No caminho para Jerusalém aparecem três situações que merecem ser contempladas:

  1. Alguém quer seguir a Jesus. Sua resposta é radical: “O Filho do Homem não tem onde reclinar a cabeça”. Jesus não oferece bem-estar a seus seguidores. Quem estiver em busca de segurança, de dinheiro, de reconhecimento, de fama, de sucesso não serve para segui-lo. A religião trazida por Jesus não é lugar de refúgio contra os males do mundo, mas um espaço de encontro e de intimidade com o Senhor que nos toma pela mão e nos coloca em vulnerabilidade para que “todos tenham vida” (Jo 10,10). É na fraqueza que a força se manifesta (cf. 2Cor 12,9). Todos sabemos aonde leva os apegos excessivos aos bens e às pessoas: desencontro, rixa, assassinato, guerra, ódio, divisão, pranto e lágrima.
  2. Nesta outra cena Jesus é quem chama: “Segue-me”. Mas o moço queria primeiro enterrar o pai. A resposta de Jesus é desconcertante: “Deixe que os mortos enterrem seus mortos; mas tu vai anunciar o Reino de Deus”. Jesus alerta para aquelas situações de apego à família quando esta é empecilho para o serviço ao Reino de Deus. Ninguém deve retardar ou frear o serviço de Deus. Os “mortos”, aqueles que vivem em função de si mesmos, não podem impedir o serviço à vida. Aqui há um aceno à primeira leitura: Eliseu pediu para “beijar o pai e a mãe” e depois seguir a Elias (cf. 1Rs 19,20). Jesus radicaliza: o Reino de Deus não admite adiamento, procrastinação.
  3. Nesta terceira cena, outro se oferece para segui-lo, mas com a condição de, primeiro, despedir-se dos seus familiares. A resposta de Jesus mostra que, para segui-lo, é preciso olhar para frente: “Quem põe a mão no arado e olha para trás, não está apto para o Reino de Deus”. Por vezes é preciso contrariar os próprios familiares para nos mantermos fiéis ao Evangelho.
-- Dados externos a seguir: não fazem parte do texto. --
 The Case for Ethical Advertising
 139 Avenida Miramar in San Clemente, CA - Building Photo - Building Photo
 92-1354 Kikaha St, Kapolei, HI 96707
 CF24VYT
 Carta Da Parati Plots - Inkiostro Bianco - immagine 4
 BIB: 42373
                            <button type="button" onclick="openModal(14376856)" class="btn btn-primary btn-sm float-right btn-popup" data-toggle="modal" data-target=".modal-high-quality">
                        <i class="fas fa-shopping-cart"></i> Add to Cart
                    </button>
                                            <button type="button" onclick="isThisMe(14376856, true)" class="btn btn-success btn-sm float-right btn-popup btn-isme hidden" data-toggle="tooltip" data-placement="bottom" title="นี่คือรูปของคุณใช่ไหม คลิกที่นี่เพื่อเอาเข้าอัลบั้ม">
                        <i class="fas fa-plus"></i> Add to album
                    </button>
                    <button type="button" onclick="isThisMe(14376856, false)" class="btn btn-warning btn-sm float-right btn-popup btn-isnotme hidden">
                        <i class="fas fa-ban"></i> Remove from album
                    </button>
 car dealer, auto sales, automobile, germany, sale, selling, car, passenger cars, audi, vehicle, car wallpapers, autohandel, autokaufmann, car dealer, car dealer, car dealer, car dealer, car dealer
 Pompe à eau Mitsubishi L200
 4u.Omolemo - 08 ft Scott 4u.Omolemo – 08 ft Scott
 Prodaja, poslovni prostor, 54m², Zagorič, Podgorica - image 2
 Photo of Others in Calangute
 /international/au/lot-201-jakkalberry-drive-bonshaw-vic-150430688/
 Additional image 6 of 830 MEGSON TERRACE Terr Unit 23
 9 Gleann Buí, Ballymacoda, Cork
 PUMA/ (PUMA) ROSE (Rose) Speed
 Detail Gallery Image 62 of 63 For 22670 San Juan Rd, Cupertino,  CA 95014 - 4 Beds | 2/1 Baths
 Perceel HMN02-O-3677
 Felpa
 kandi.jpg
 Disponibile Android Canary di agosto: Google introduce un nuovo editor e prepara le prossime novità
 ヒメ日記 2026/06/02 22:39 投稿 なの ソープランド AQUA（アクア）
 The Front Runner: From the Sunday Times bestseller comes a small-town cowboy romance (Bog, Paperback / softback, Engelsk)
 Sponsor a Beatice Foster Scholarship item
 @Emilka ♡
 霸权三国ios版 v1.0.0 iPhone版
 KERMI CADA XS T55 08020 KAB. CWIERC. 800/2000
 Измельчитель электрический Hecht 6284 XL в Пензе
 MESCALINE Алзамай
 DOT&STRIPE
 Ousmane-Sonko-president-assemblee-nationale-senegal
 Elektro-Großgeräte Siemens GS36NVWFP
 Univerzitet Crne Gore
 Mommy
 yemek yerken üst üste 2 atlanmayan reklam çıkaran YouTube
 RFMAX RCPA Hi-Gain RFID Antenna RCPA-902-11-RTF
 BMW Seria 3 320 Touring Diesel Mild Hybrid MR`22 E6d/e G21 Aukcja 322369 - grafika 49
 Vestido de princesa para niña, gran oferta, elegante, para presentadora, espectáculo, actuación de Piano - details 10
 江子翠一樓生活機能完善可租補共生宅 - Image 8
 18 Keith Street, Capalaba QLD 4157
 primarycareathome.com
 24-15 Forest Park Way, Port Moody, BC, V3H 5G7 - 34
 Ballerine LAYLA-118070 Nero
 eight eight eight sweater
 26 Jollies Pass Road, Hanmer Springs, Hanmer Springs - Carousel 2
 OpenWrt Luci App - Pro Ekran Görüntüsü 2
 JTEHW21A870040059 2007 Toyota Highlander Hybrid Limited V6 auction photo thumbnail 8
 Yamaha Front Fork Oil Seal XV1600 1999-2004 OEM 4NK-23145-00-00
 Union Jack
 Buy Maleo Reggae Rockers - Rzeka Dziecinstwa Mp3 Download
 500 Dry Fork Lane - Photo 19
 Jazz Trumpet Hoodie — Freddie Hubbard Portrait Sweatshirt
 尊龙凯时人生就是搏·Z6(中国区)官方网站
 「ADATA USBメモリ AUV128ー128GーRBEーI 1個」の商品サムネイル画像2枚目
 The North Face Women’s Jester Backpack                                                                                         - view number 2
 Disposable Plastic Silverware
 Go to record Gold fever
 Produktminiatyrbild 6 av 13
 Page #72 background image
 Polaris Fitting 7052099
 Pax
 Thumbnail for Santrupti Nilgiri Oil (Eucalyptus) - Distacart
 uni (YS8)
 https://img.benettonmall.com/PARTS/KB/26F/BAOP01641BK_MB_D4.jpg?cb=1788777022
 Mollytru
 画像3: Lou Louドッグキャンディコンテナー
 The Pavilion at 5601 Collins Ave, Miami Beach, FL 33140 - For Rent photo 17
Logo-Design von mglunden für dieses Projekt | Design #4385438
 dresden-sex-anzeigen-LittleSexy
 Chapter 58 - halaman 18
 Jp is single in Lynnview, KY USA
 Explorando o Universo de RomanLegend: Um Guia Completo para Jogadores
Este deve ser a regra máxima de nossa vida: nos negócios, na relação com o dinheiro, na construção da família, nas relações de trabalho, nas relações de amizade, nas opções políticas. Este relato remete-nos também à primeira leitura de hoje, pois faz referência à lavra de terra com junta de bois (1Rs 19,19). Jesus vai além: não usa da violência de Eliseu que sacrificou os bois e nem permite que primeiro se despeça dos familiares. Ou seja, é preciso olhar para frente, ter audácia para seguir os passos de Jesus. É a necessidade de superação de uma religião estática, presa ao passado. Um olhar para frente, com criatividade, com esperança.

O relato do evangelho deste domingo nos faz notar que Jesus desejou constituir um grupo de discípulos. Não se preocupa em ensinar-lhes doutrina, mas torná-los seus seguidores. A profissão deles de agora em diante é a de serem anunciadores de um novo modo de vida. Por isso devem abandonar o modo de vida anterior. Ao sentir-se chamado, cada um deve tomar uma decisão firme. A primeira atitude é a profissão de fé, o reconhecimento de que Jesus é o “Cristo de Deus”. Uma vez que Jesus é reconhecido como Aquele em quem o discípulo deposita sua fé (cf. 2Tm 1,12), este deve se desprender dos bens materiais, do prazer mundano, do poder pelo poder, do apego ao dinheiro, da busca de si mesmo  para viver a liberdade dos filhos de Deus: “É para a liberdade que Cristo nos libertou” (Gl 5,1.13).

Somente pela ruptura com as forças do mal: a mentira, o ódio, o preconceito, o mundanismo perverso, a sede do poder, se é capaz de gerar um seguimento comprometido, uma liberdade verdadeira, um discipulado autêntico, uma fé cristã genuína, uma Igreja fiel a Jesus.